CourtSouth Carolina Supreme Court

Whiteside & Taylor, of Spartanburg, for appellant.

Lyles & Lyles, of Spartanburg, for respondent.

OXNER, Justice.

This is an action to recover damages for personal injuries sustained by plaintiff on June 28, 1946, as result of a collision between a motorcycle which he was riding and an automobile driven by defendant. Plaintiff alleged that his injuries were due to the negligence and wilfulness of the defendant in the operation of said automobile. Defendant denied the material allegations of the complaint and set up a plea of contributory negligence and wilfulness. The case was tried in April, 1947, and resulted in a verdict for the defendant. On motion of the plaintiff, the trial judge set aside the verdict and granted a new trial and from this order the defendant has appealed.

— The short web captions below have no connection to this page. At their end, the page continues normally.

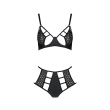 Комплект білизни Passion TASMINA SET S/M black, ліф, високі трусики з корсетом ззаду - фото №3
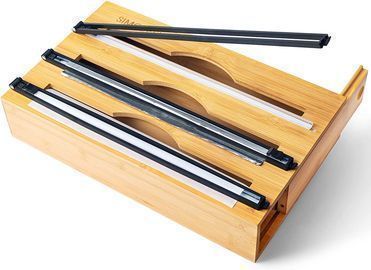 3 in 1 Foil & Plastic Wrap Dispenser with Cutter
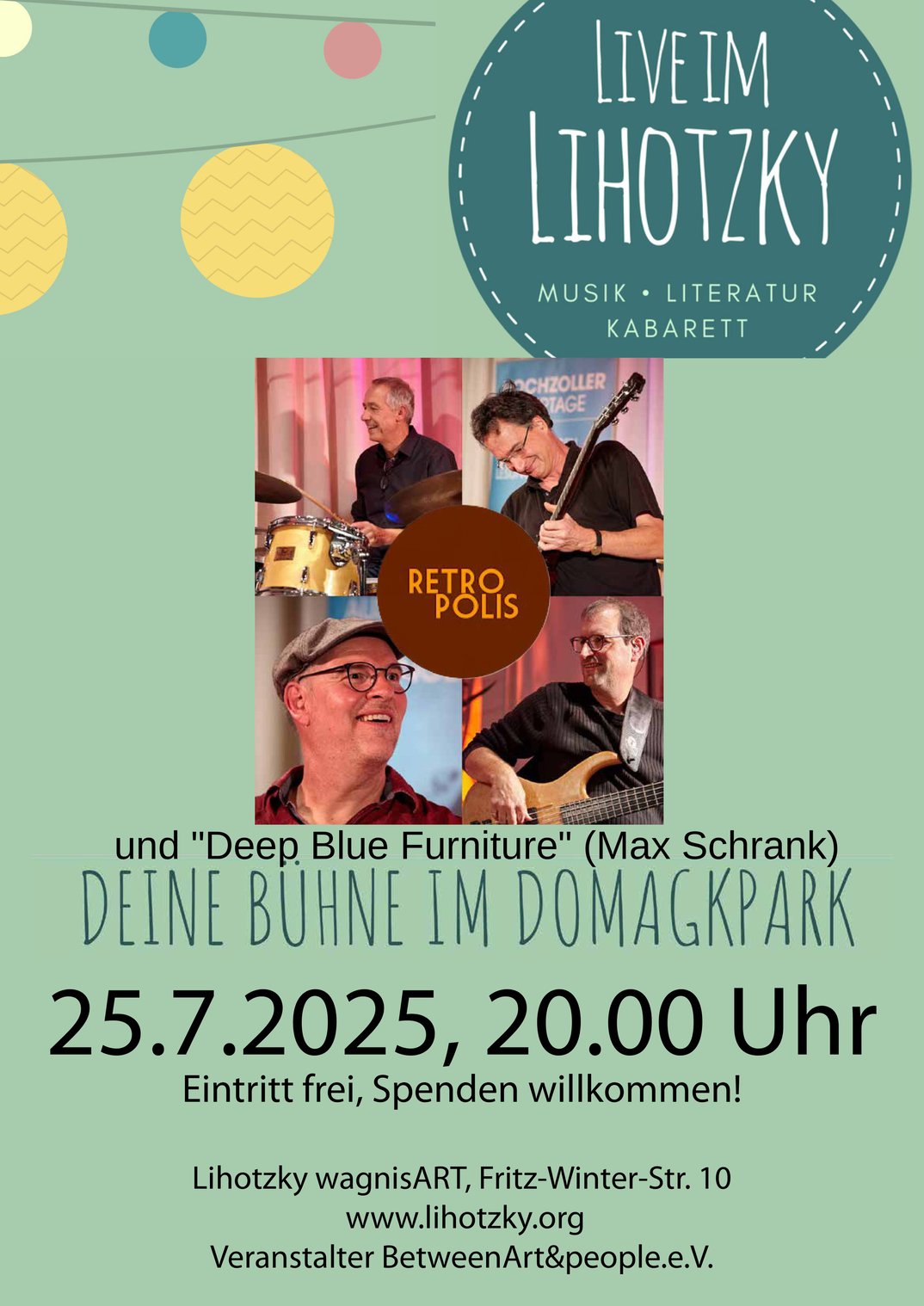 Live im Lihotzky mit RETROPOLIS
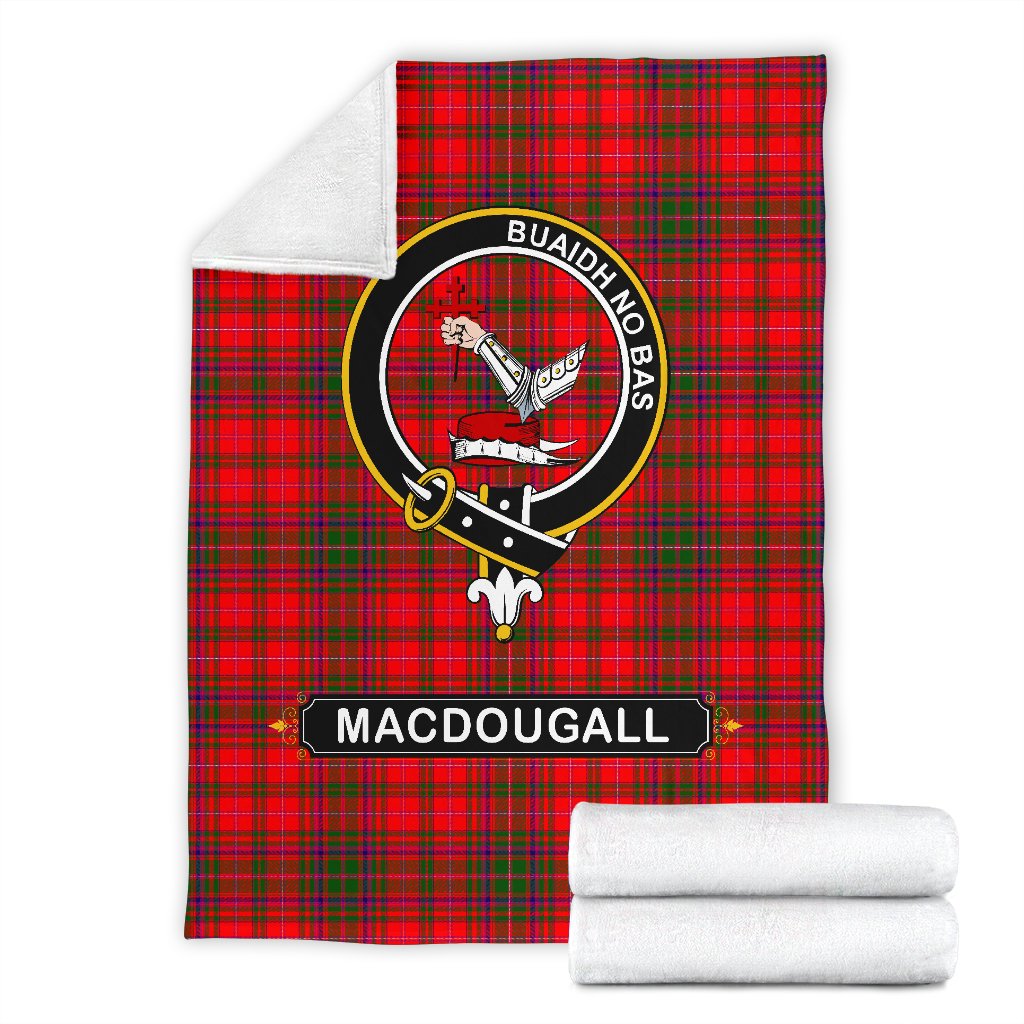 MacDougall Family Tartan Crest Blankets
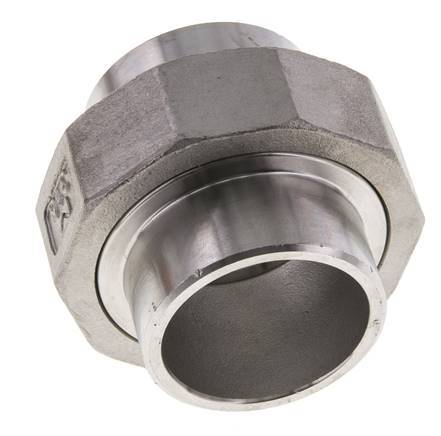 Racor recto de unión 42,4 mm Extremo para soldar Junta cónica de acero inoxidable 16bar (224,8psi)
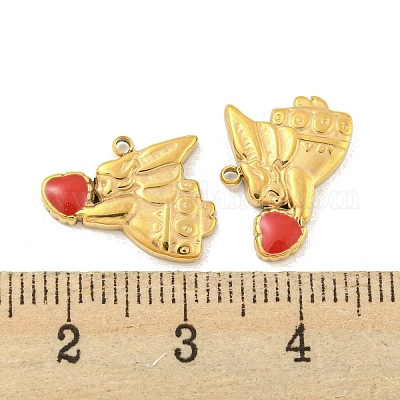 Подвески из эмалированной нержавеющей стали 304 STAS-P356-37G-1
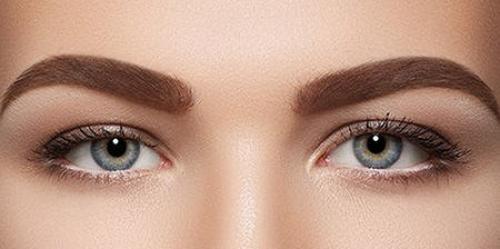 Мягкая растушевка бровей. Перманентный макияж бровей. Техника выполнения, растушевка. Фото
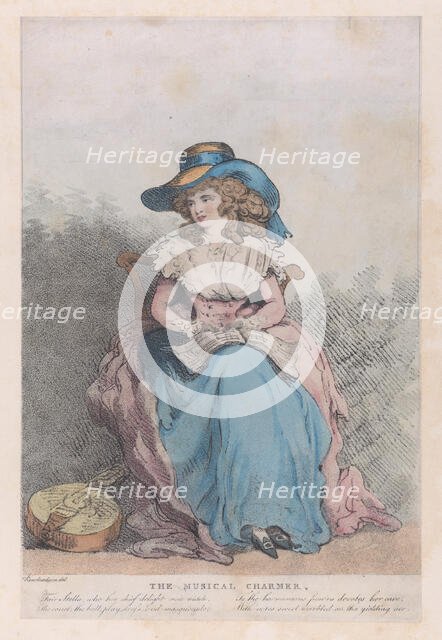 The Musical Charmer, ca. 1793., ca. 1793. Creator: Unknown.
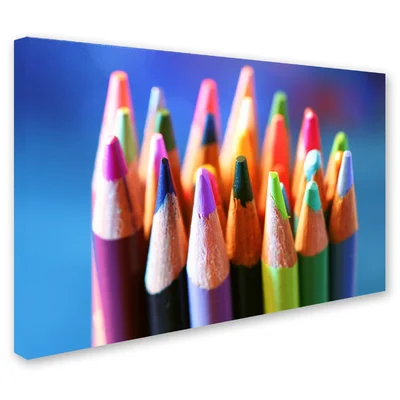 'Pencils 2' by Jason Shaffer Photographic Print on Wrapped Canvas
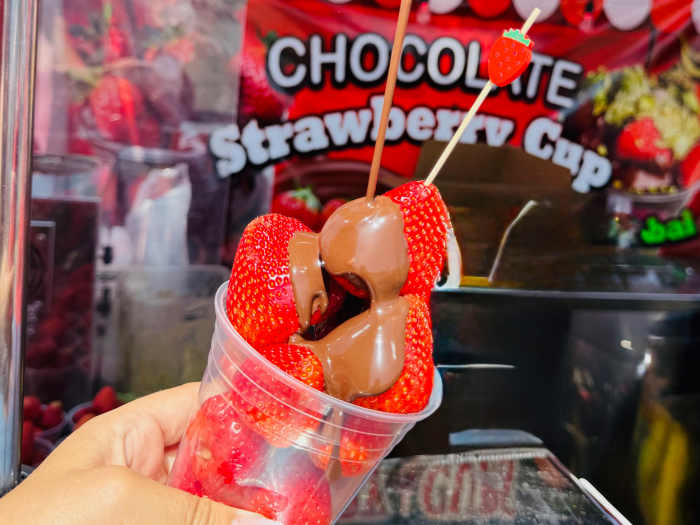 Chocolate Strawberry Cup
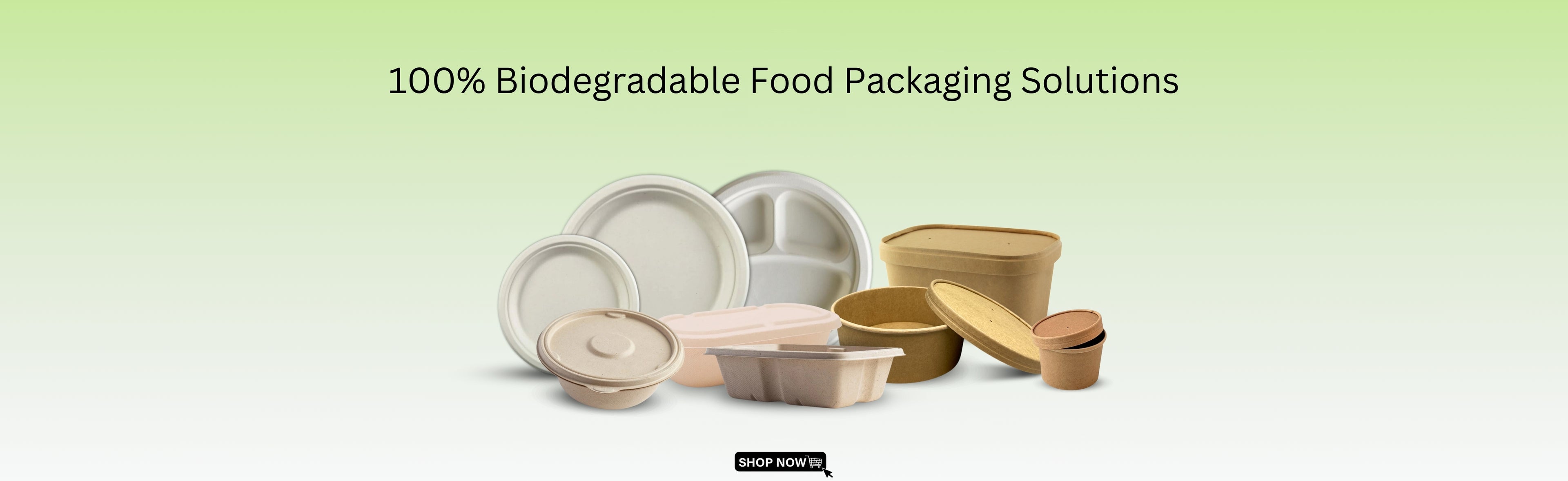 100% biodegradable food packaging solutions.2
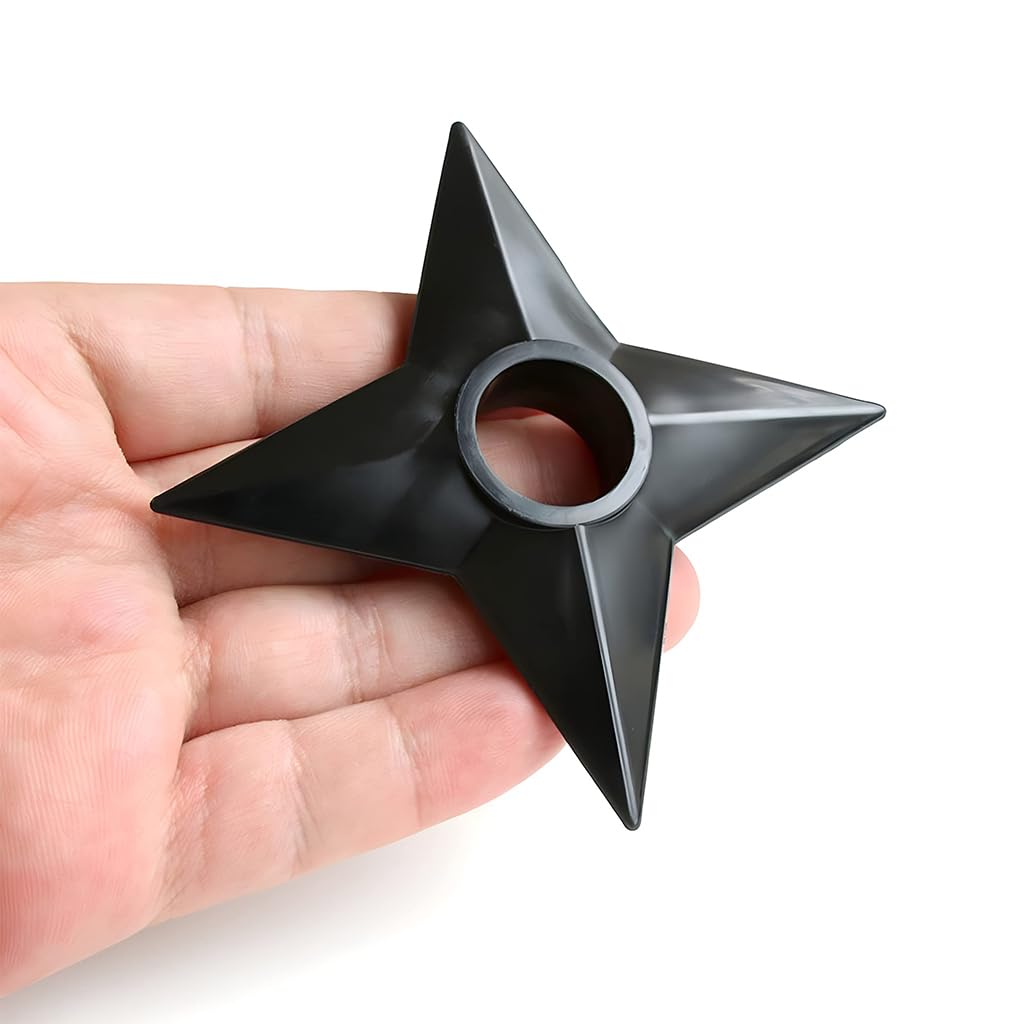 PATPAT 3Pcs Toys Shuriken Ninja 3.5 Inches ABS Cosplay Kunai Safe Plastic Shuriken Samurai Shuriken Anime Martial Art Cosplay Anime Toy Anime Accessories Anime Merchandise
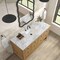 James Martin Vanities Breckenridge 60 in. Single Vanity, Light Natural Oak, w/ 3 CM Carrara Marble Top 330-V60S-LNO-3CAR - alternate 2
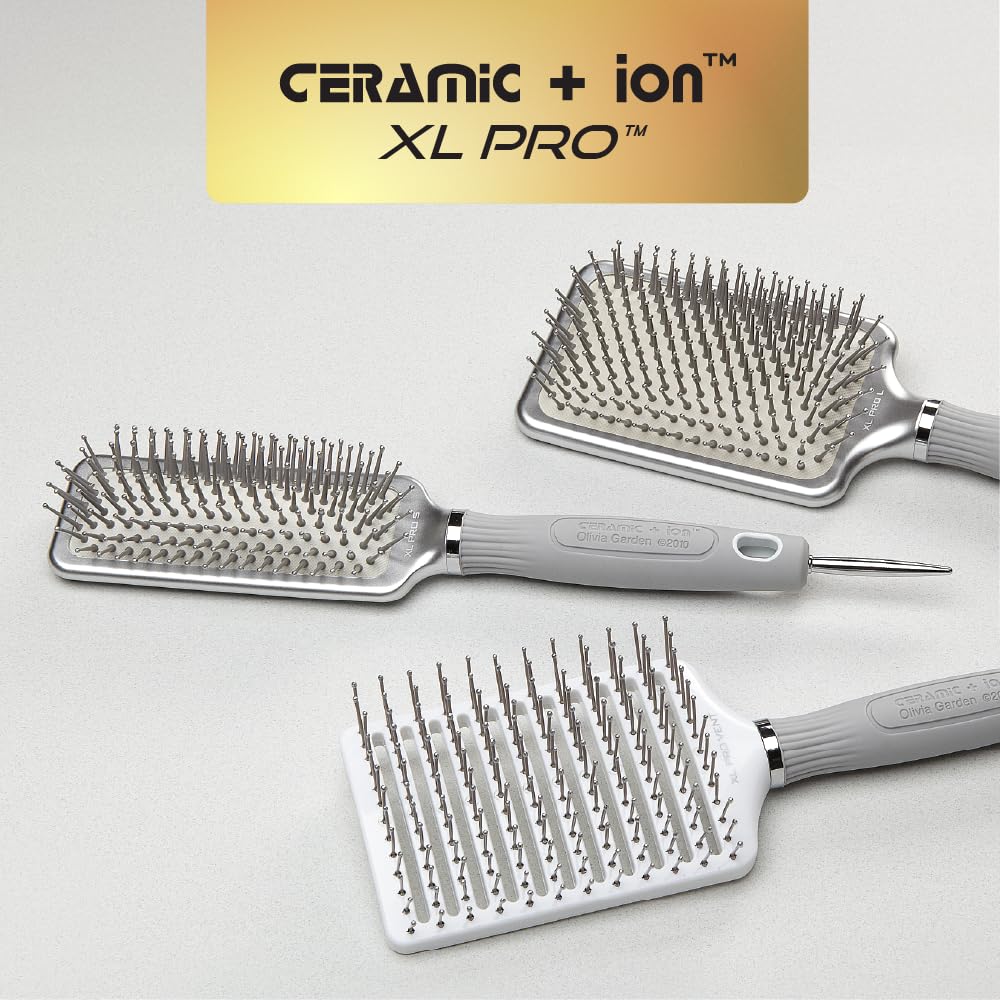 Olivia Garden Ceramic + Ion XL Pro Paddle Hair Brush, Small (CIXL-PROS)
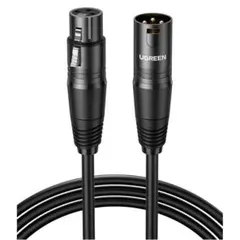 UGREEN マイクケーブル オス-メス XLR 1m ブラック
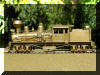 Brass PFM/United 'Michigan I or Michigan', HO scale HO Shay fireman's side view...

The first question for determination is whether an appeal will lie from the order granting a new trial. It is well settled in this State that an order granting or refusing a new trial when based solely on an error of law is subject to review by this Court, but when the order is based upon questions of fact, or upon both questions of law and fact, it is not appealable. Daughty v. Northwestern R. Co., 92 S.C 361, 75 S.E. 553; Ingram v. Hines, Director General, 126 S.C. 509, 120 S.E. 493; Snipes v. Davis, Director General, et al., 131 S.C. 298, 127 S.E. 447; Walker et al., v. Quinn, et al., 134 S.C. 510, 133 S.E. 444; King v. Western Union Tel. Co., et al., 167 S.C 500, 166 S.E. 629; O'Barr v. Pioneer Life Ins Co., 172 S.C. 72, 172 S.E. 769; Marsh v Poineer-Pyramid Life Ins. Co., 174 S.C. 59, 176 S.E. 878; Morrison v. South Carolina State Highway Department, 181 S.C. 258, 187 S.E. 344. In Marshall v. Charleston & S. Ry. Co., 57 S.C. 138, 35 S.E. 497, the Court said: 'The well-settled rule is that this court cannot review an order refusing or granting a new trial except for error of law, as the court is without jurisdiction to review the judgment of the circuit court on question of fact.' The following from Massey v. Adams, 3 S.C. 254, has been frequently quoted with approval: 'The only question proper for our consideration, is whether there was error of law in the order granting the new trial. If it was founded, either wholly or in part, on a conclusion from the fact contrary to that of the jury, then, according to the well-established principles governing the Court in regard to appeals, in which propositions of law do not arise, we cannot interfere.' In dismissing an appeal from an order granting a new trial, the Court in Bowman v. Harby, 109 S.C. 396, 96 S.E. 144, said: 'It is too plain for discussion that, under our decisions, the order is not appealable, because the new trial was not granted solely upon a question of law, but involved a consideration of the facts and the conduct of the trial.'

We shall now consider the order appealed from with a view of determining whether it was based solely on an error of law. The motion for a new trial was upon the grounds (1) that the conduct of one L. C. Gossett, who was on the jury panel during the week in which the action was tried, was highly prejudicial to plaintiff; (2) that one of the defendant's witnesses, Mrs. Marsingale, denied on cross examination that she was related to the defendant, when in fact she was so related; and (3) that the verdict of the jury was contrary to the evidence. When the case was called for trial the Court inquired if any of the jurors were related to either of the parties. One member of the panel stated that he was related to the plaintiff and was excused by the Court. The juror Gossett remained silent and his name was among the twenty drawn from the jury box. From this list of twenty names the twelve jurors to serve on the case were to be selected. Plaintiff's counsel used one of his peremptory challenges in striking Gossett's name. The jury was duty selected and the trial proceeded. Gossett was called as the last witness for the defense. He testified that he operated a store which was located on the highway about five hundred feet from the scene of the accident and that the plaintiff was traveling at a rapid rate of speed when the motorcycle passed his store. He admitted on cross examination that he was a fourth or fifth cousin of the defendant, but stated that he did not disclose this fact when inquiry was made by the Court because he thought that it was too far off to 'amount to much.' After the testimony was completed and in the absence of the jury, Gossett was examined by the Court as to his failure to disclose this relationship before the trial commenced. He then admitted that he was a third or fourth cousin of the defendant. The Court reprimanded him and requested that he report the next morning, at which time the Court directed that his name be withdrawn from the jury panel, adjudged him in contempt, and...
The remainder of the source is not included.